== Segment start ==
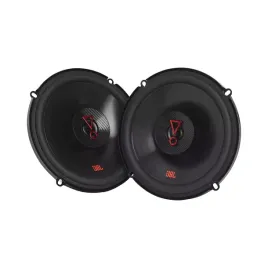 glosniki-samochodowe-jbl-stage3-627f-165-mm-225w-3-ohm-2-drozne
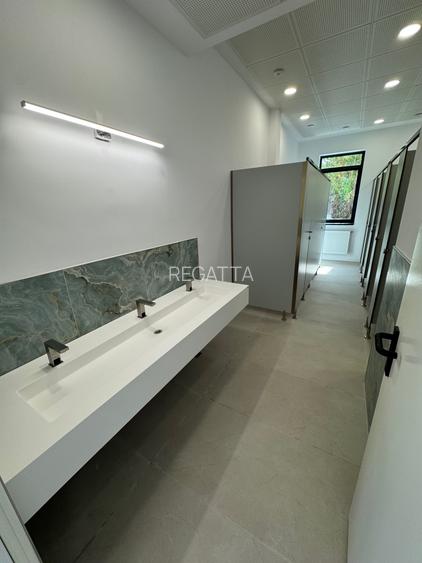 Complex educational,  scoala/gradinita, teren, 12.000 mp,  zona Baneasa, - 5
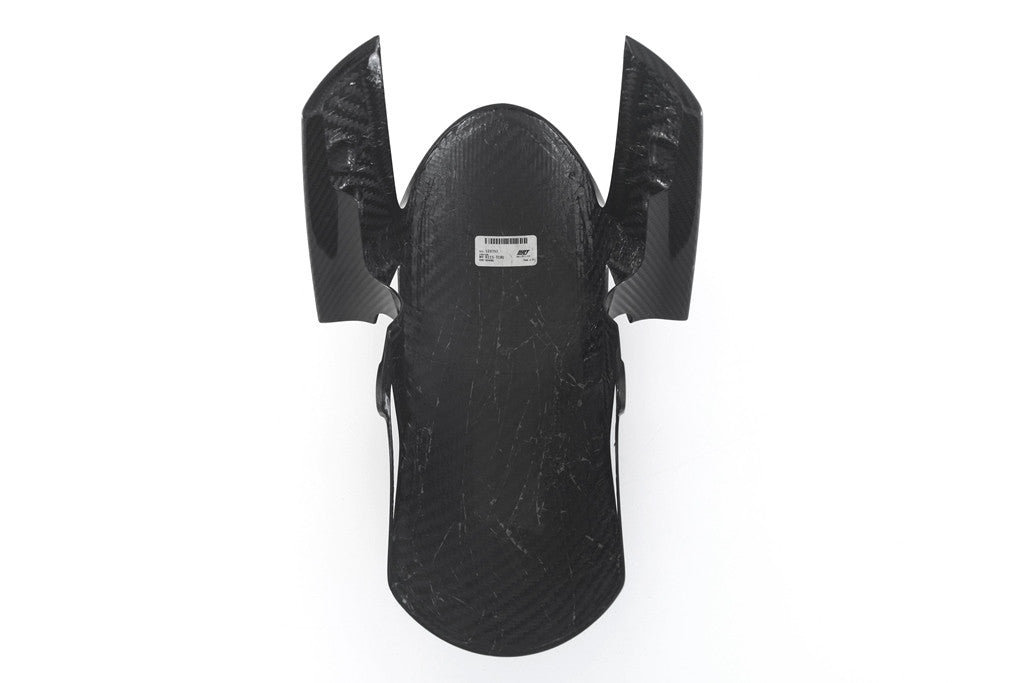 フロントフェンダー カーボン フルシックス ヤマハ YZF-R1/M RN32, RN49 & RN65 (15-25) 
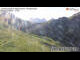 Webcam in Malbun, 14 km entfernt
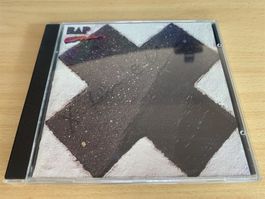 BAP – X Für 'e U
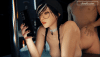 2025-04-15 Dokkaebi (Rainbow Six).gif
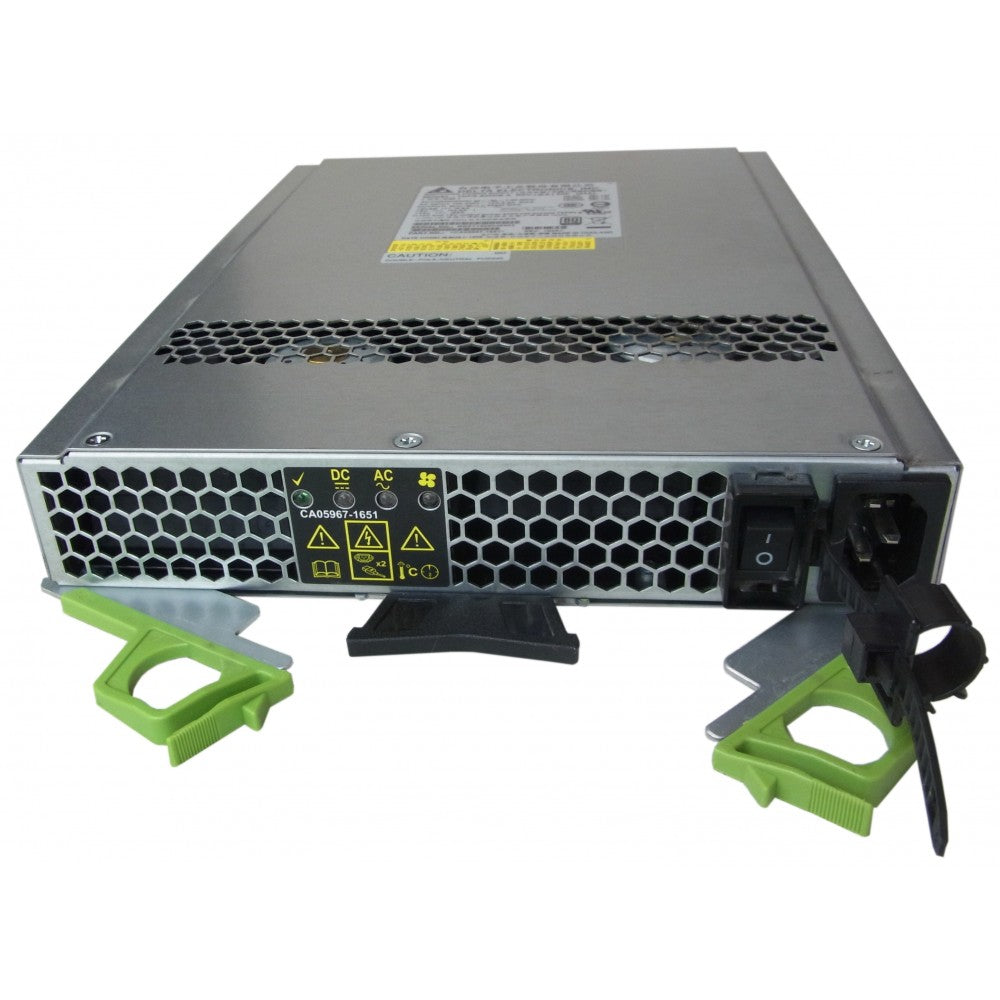 Fujitsu ETERNUS 805W Fuente de Alimentación TDPS-800DB-RFB – Reacondicionado (4)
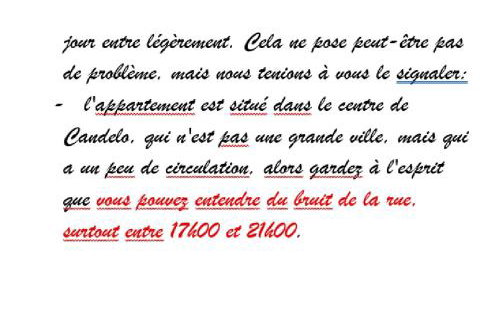 L’Albero Colorato - Foto 28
== Segment end ==
With images excluded, write the records above out again exactly.

 glosniki-samochodowe-jbl-stage3-627f-165-mm-225w-3-ohm-2-drozne
 Complex educational,  scoala/gradinita, teren, 12.000 mp,  zona Baneasa, - 5
 フロントフェンダー カーボン フルシックス ヤマハ YZF-R1/M RN32, RN49 & RN65 (15-25) 
 Webcam in Malbun, 14 km entfernt
 BAP – X Für 'e U
 2025-04-15 Dokkaebi (Rainbow Six).gif
 Fujitsu ETERNUS 805W Fuente de Alimentación TDPS-800DB-RFB – Reacondicionado (4)
 L’Albero Colorato - Foto 28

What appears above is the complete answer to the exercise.